The Federal Reserve (FRB) has released new information on proposed capital rules for insurers that own a depository institution.
In a speech before the American Council of Life Insurers (ACLI) Executive Roundtable on January 9, 2019, Federal Reserve Vice-Chairman Randal Quarles, further defined the FRB’s approach to implement regulatory capital requirements for insurance holding companies that include a bank. This proposal brings forward capital standards for insurers first announced by the FRB in 2016.
The Dodd-Frank Act of 2010 expanded FRB insurer supervision to those that own a federally insured bank or thrift and insurance companies designated as “systemically significant” by the U.S. Financial Stability Oversight Council (FSOC). Insurers previously considered a Systemically Important Financial Institution (SIFI) have all been de-designated.
This latest building block approach requires insurance companies owning a bank or thrift to aggregate the capital of subsidiaries with consideration for certain adjustments and scaling to a common capital regime, likely the NAIC capital framework. Once the aggregation is completed, a minimum capital requirement will be determined with the objective to ensure the safety and soundness of the depository institution.

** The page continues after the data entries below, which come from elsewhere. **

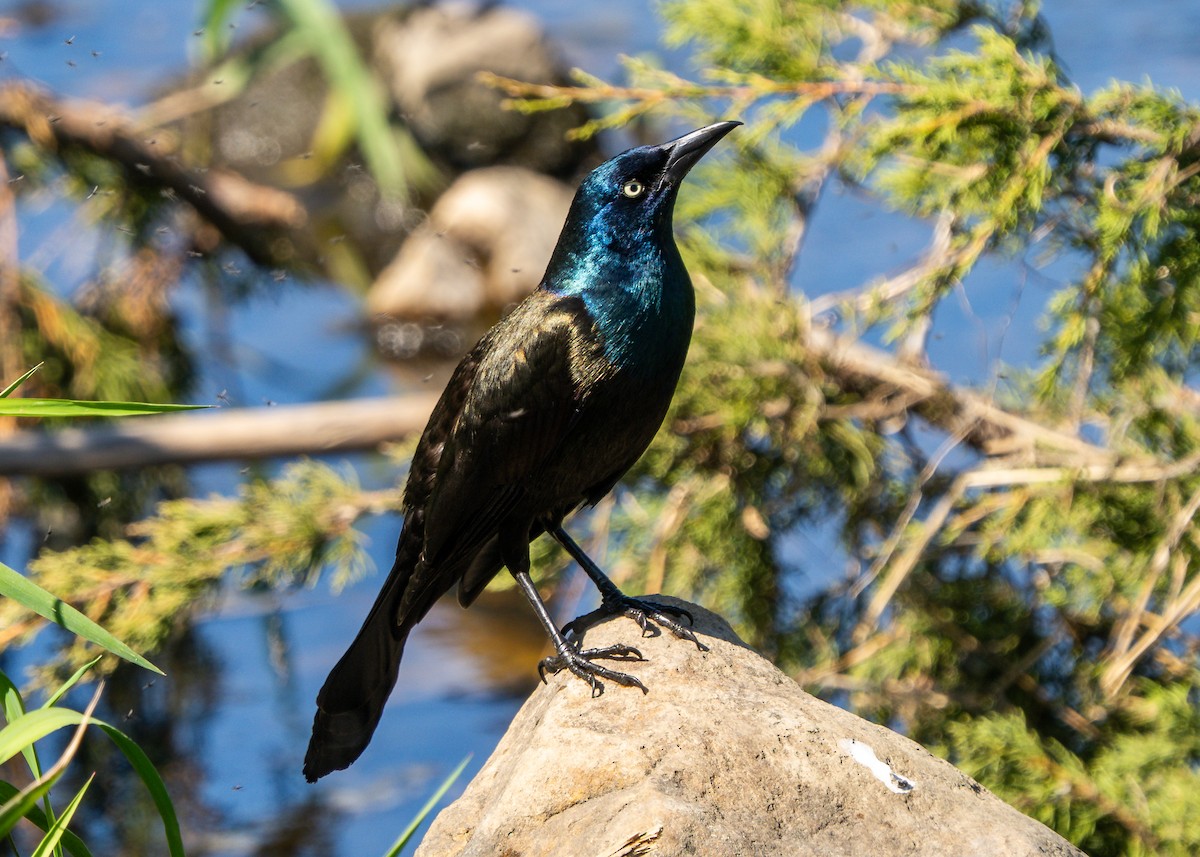 Common Grackle - ML638111621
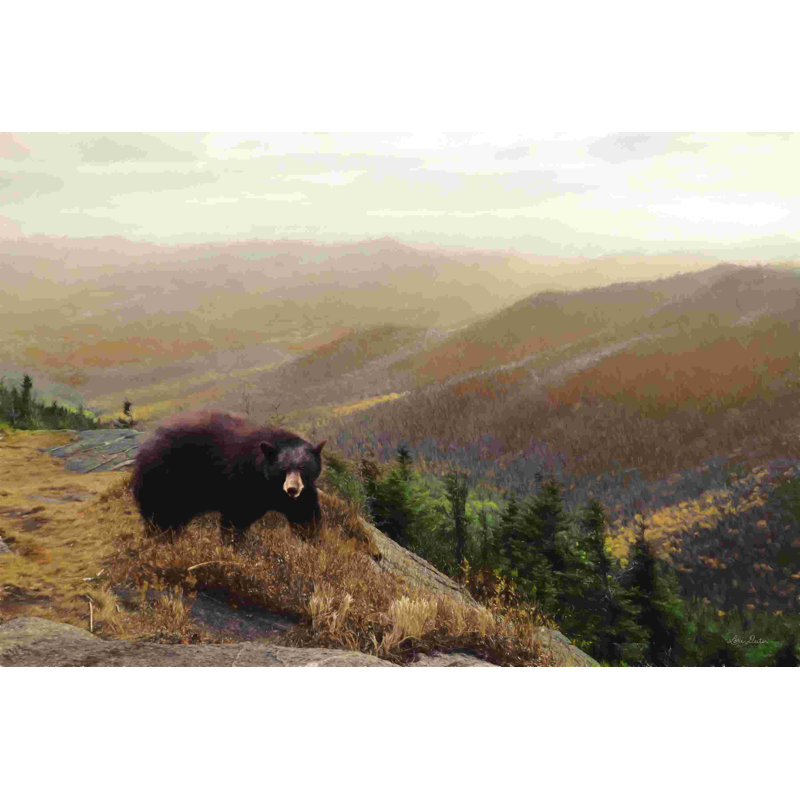Bear Country by Lori Deiter - Wrapped Canvas Photograph, 8" H x 12" W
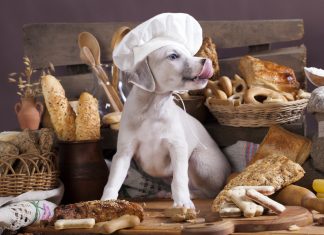 Lif Bakımından Yüksek En İyi 10 Tahıllı Köpek Maması 2022 En İyi Düşük Tahıllı Köpek Mamaları 2021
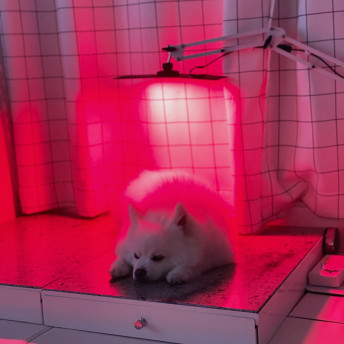 아픈 강아지 고양이 피부병 슬개골탈구 책임지는 근적외선 치료기 펫스니즈- 닥터펫 펫큐어레이 - 상세 이미지 2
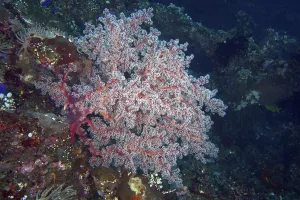 Category Wildlife DE Prints: Filigree red coral structure, Godeffroy's soft coral (Siphonogorgia godeffroyi)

The goal is to leverage existing legal entity capital standards.
Vice Chairman Quarles underscored an FRB position presented in 2016 that an Insurance Capital Standard (ICS) being developed abroad does not align with U.S. domestic needs. The U.S. remains engaged in developing international standards and specifically an ICS that is suitable for the U.S. market.
The deepest effect of the FRB supervision of insurers will be applying bank regulatory capital requirements to the depository institution building block. In addition bank capital requirements would apply to non-bank and non-insurance entities. Therefore insurers can expect to be subject to additional FRB reporting and rules regarding capital aggregation.
Insurance companies subject to the FRB should remain engaged in discussions on capital requirements. In considering these developments, they should review their holding company structure and how to best align their affiliated entities and required capital. The FRB supports the benefits and coordinated efforts between the FRB and the NAIC in mutually supervising common firms and looks to avoid conflicting regulation.